DATA SECTION:
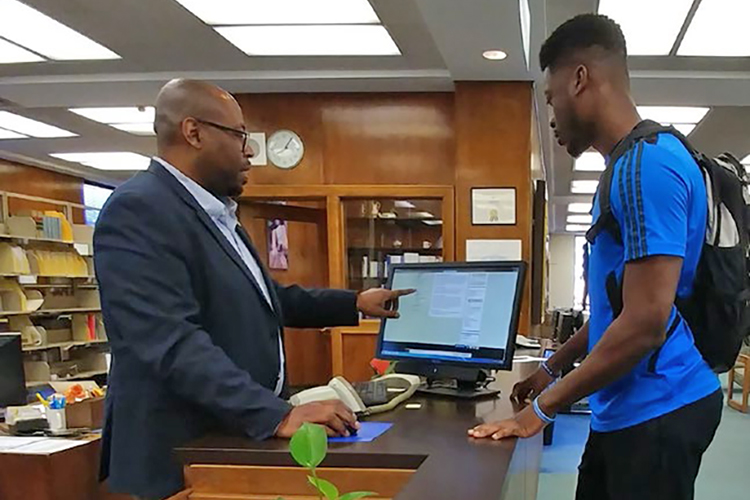 In this undated photo, MTSU alumnus Brandon Owens assists a student in his role as assistant librarian for technical services at the John Hope and Aurelia E. Franklin Library at Fisk University in Nashville, Tennessee. Owens is a graduate of MTSU’s Master of Library Science online program. (Photo courtesy of Clarke Bagsby/Fisk University)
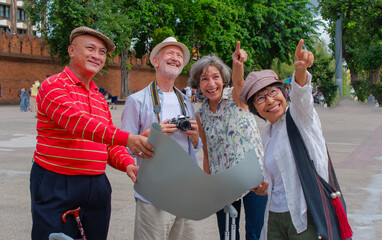 Group of seniors enjoy visiting Chiang Mai's old town with rough map. Elder group travel happily with map tor discover old town. Vacation and travel concept.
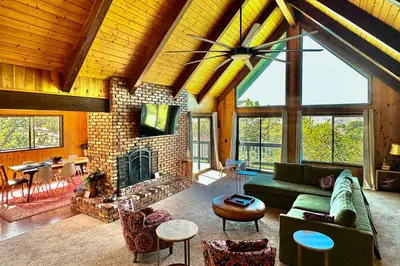 a living room with a couch and a fireplace at Jackalope Lodge in Lake Arrowhead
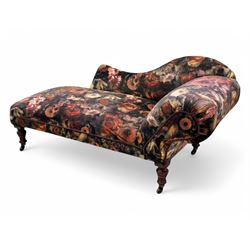 Victorian hardwood-framed chaise longue, serpentine back with rolled arm, upholstered in floral pattern fabric, on ring turned legs with ceramic castors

WORK INSTRUCTION: Omit the images; transcribe the listing verbatim.

EXPECTED ANSWER:
 In this undated photo, MTSU alumnus Brandon Owens assists a student in his role as assistant librarian for technical services at the John Hope and Aurelia E. Franklin Library at Fisk University in Nashville, Tennessee. Owens is a graduate of MTSU’s Master of Library Science online program. (Photo courtesy of Clarke Bagsby/Fisk University)
 Group of seniors enjoy visiting Chiang Mai's old town with rough map. Elder group travel happily with map tor discover old town. Vacation and travel concept.
 a living room with a couch and a fireplace at Jackalope Lodge in Lake Arrowhead
 Victorian hardwood-framed chaise longue, serpentine back with rolled arm, upholstered in floral pattern fabric, on ring turned legs with ceramic castors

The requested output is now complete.